Mas, seis anos depois… Na carta aos acionistas referentes ao quarto trimestre de 2022, a Netflix dizia que a “ampla partilha de contas”, algo que estima que esteja a acontecer em mais de 100 milhões de residências, está a minar “a capacidade de investir e melhorar a Netflix no longo prazo, assim como de construir o negócio”. Daí esta ideia de lançar a partilha paga em mais países. Até ao momento não são conhecidos os planos sobre os primeiros mercados que vão arrancar com esta mudança.

Como é que a Netflix consegue saber a localização dos dispositivos?

A Netflix tem acesso a uma grande quantidade de informação para saber se os dispositivos estão a ser usados na mesma casa. “Usamos informação como o endereço IP, identificação dos dispositivos e informação da conta a partir dos dispositivos ligados”, explica a empresa na página de ajuda.

Já em relação à verificação de dispositivos, a Netflix explica que, a partir do momento em que alguém faça login numa conta que não está associada à residência “ou se a conta é acedida de forma persistente a partir de uma localização fora da residência”, poderá ser pedida uma verificação do dispositivo.

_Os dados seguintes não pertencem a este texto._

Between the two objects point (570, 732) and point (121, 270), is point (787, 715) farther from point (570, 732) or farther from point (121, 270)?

Como é que isto se faz? A Netflix vai mandar uma ligação para o endereço de email ou número de telefone que está associada ao “chefe” de família. A partir daí é transmitido um código de quatro dígitos, que tem de ser inserido no prazo de 15 minutos. Se deixar passar o tempo, será preciso um novo código. A Netflix explica que a verificação de dispositivo “poderá ser pedida de forma periódica”.

E o que acontece se precisar de ver Netflix em viagem?

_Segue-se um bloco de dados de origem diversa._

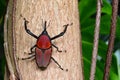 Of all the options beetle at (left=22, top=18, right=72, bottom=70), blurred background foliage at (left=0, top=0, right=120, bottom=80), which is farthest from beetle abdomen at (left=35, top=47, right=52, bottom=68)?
blurred background foliage at (left=0, top=0, right=120, bottom=80)

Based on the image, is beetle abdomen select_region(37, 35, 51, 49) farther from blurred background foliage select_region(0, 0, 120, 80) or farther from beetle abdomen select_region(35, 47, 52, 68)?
blurred background foliage select_region(0, 0, 120, 80)

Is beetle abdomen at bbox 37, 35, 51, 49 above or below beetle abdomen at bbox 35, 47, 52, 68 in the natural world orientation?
above

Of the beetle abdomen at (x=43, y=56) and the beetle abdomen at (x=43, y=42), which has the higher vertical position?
the beetle abdomen at (x=43, y=42)

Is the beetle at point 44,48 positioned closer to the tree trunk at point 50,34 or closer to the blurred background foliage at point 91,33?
the tree trunk at point 50,34

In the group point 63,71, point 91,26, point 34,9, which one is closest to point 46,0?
point 34,9

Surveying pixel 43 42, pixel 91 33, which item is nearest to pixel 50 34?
pixel 43 42

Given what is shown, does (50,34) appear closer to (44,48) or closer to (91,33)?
(44,48)

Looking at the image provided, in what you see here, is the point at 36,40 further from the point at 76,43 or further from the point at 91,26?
the point at 91,26

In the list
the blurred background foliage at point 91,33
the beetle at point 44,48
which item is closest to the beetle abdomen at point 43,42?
the beetle at point 44,48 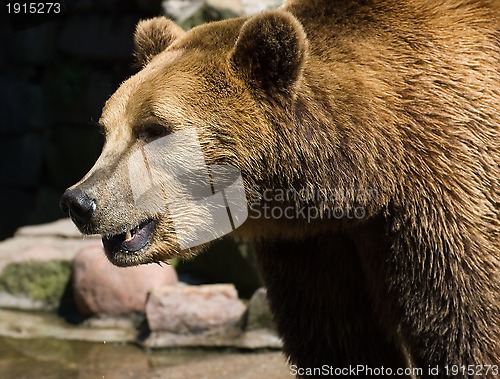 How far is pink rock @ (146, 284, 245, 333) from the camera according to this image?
739cm

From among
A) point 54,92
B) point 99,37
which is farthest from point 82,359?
point 54,92

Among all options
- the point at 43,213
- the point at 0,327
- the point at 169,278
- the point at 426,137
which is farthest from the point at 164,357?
the point at 43,213

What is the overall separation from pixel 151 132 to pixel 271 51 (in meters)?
0.64

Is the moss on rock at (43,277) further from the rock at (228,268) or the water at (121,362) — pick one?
the rock at (228,268)

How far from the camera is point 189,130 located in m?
3.80

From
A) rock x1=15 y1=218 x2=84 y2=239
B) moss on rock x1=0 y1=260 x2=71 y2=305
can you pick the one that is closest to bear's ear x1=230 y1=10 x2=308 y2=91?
moss on rock x1=0 y1=260 x2=71 y2=305

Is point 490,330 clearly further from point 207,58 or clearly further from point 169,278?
point 169,278

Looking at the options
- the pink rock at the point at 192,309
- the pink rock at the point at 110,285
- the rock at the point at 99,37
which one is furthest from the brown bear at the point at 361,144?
the rock at the point at 99,37

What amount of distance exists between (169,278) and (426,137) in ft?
15.4

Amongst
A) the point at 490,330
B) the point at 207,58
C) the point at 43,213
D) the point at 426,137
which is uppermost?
the point at 207,58

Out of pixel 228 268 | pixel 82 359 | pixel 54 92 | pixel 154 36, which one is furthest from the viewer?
pixel 54 92

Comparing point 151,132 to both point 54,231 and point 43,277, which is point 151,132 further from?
point 54,231

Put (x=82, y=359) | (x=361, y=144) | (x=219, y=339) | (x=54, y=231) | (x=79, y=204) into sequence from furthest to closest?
(x=54, y=231) → (x=219, y=339) → (x=82, y=359) → (x=361, y=144) → (x=79, y=204)

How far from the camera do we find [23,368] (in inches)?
277
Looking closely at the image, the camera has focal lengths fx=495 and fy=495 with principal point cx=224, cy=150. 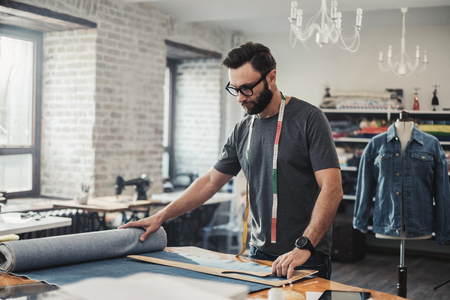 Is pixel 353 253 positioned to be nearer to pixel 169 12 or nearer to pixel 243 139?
pixel 169 12

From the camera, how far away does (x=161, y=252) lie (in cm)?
184

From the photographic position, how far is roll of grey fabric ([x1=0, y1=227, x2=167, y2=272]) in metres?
1.48

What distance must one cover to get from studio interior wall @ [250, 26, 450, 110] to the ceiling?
0.71ft

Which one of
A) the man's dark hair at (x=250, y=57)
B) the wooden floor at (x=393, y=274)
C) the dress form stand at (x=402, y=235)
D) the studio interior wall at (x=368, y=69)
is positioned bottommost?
the wooden floor at (x=393, y=274)

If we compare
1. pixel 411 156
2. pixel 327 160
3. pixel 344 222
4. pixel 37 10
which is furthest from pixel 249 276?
pixel 344 222

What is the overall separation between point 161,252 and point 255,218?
1.44ft

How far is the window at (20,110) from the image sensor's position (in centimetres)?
483

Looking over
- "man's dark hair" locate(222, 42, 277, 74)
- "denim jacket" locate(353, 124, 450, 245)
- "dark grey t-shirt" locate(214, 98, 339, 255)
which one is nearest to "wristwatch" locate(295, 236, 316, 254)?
"dark grey t-shirt" locate(214, 98, 339, 255)

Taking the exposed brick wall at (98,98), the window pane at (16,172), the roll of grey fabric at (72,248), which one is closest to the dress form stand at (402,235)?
the roll of grey fabric at (72,248)

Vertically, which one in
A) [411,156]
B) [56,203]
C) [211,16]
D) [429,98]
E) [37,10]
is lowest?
[56,203]

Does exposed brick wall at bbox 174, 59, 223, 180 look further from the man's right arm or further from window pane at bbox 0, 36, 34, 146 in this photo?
the man's right arm

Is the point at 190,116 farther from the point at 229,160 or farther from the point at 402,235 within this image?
the point at 229,160

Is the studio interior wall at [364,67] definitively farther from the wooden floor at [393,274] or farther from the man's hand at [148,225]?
the man's hand at [148,225]

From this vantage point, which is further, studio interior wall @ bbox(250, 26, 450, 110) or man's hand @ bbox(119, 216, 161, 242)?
studio interior wall @ bbox(250, 26, 450, 110) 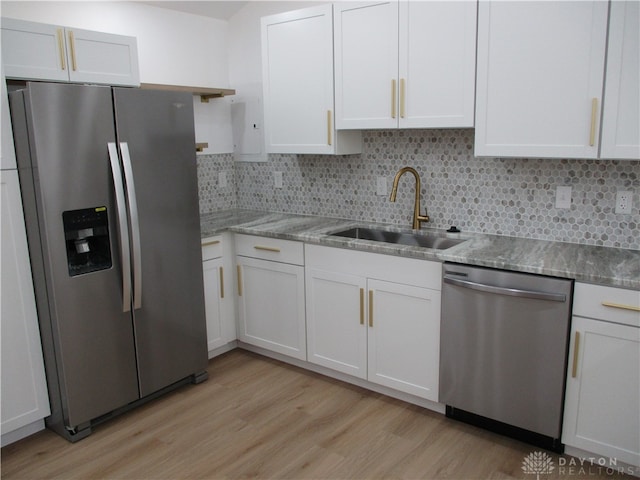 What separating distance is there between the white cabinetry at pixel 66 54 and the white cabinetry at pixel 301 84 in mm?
834

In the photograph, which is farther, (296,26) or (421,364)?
(296,26)

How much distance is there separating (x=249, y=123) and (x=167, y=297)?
5.40 feet

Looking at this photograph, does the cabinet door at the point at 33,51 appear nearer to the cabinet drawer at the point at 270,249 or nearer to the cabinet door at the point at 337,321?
the cabinet drawer at the point at 270,249

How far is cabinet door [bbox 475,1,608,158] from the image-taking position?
2.22 m

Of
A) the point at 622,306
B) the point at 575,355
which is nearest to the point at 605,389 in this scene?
the point at 575,355

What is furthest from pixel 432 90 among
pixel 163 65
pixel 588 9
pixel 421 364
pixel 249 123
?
pixel 163 65

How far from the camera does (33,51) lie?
2.52 m

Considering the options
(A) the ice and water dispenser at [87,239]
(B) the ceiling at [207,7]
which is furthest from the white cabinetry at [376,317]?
(B) the ceiling at [207,7]

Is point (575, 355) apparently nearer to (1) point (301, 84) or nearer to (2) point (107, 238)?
(1) point (301, 84)

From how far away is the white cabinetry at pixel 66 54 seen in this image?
246cm

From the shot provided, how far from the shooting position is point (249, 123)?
3.98m

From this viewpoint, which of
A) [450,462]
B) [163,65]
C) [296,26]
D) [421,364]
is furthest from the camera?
[163,65]

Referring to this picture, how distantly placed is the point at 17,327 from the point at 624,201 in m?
2.96

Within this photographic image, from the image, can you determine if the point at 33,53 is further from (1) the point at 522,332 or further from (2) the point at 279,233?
(1) the point at 522,332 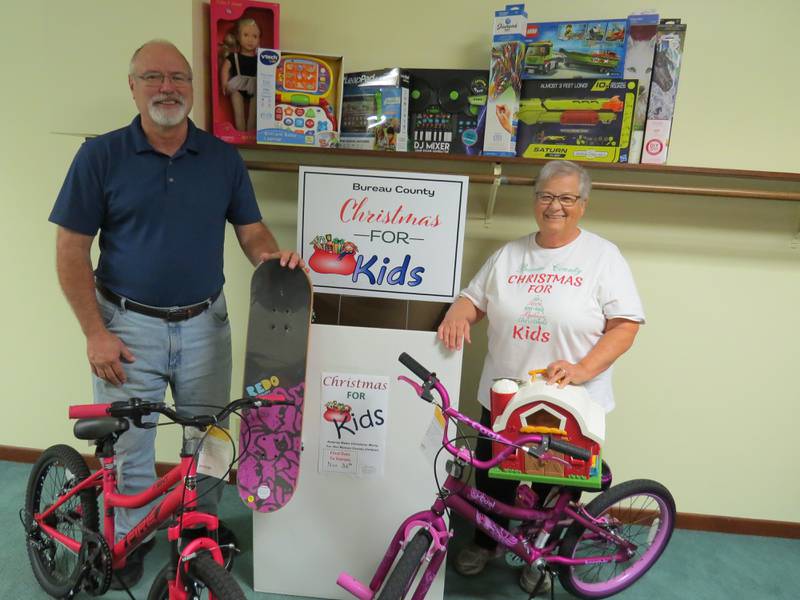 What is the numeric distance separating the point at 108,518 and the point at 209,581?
19.9 inches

Caso esteja em viagem ou fique durante um período mais longo fora daquilo que a Netflix considera ser a ligação wi-fi principal da conta, há diferentes soluções. Caso seja o dono principal da conta, “não deverá ser preciso verificar o dispositivo para ver Netflix”.

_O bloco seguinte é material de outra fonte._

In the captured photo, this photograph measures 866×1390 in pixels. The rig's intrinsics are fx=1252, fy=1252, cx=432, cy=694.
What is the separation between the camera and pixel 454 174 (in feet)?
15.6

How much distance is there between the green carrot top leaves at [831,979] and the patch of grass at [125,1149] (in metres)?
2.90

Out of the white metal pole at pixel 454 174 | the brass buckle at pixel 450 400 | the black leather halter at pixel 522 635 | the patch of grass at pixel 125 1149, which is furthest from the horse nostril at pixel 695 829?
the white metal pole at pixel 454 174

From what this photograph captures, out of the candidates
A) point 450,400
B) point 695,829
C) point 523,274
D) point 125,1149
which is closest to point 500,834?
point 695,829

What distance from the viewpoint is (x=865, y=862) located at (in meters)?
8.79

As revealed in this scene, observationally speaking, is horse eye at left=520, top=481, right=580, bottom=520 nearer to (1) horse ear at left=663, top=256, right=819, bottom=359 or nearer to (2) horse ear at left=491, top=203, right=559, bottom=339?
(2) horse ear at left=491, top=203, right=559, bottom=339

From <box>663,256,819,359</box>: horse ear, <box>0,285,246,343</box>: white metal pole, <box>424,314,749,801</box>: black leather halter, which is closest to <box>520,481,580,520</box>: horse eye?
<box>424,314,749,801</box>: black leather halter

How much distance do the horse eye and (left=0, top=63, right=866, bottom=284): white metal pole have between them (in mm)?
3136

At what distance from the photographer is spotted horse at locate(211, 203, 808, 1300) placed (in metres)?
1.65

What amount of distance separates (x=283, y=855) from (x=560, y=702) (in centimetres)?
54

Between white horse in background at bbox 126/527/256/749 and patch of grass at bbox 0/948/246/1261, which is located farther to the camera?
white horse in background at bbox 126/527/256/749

Já na possibilidade de “estar longe do lar Netflix por um período extenso de tempo, poderá ocasionalmente precisar de verificar os dispositivos”, explica a página da empresa.

Vale a pena lembrar que cada plano da Netflix dá acesso a um número diferente de dispositivos em que é possível ver conteúdos ao mesmo tempo. O plano básico (em Portugal custa 7,99 euros por mês) só deixa ver um ecrã de cada vez; o plano Standard (11,99 por mês) dá acesso a dois dispositivos em simultâneo e o Premium, com a mensalidade mais cara, de 15,99 euros, dá acesso a quatro ecrãs ao mesmo tempo.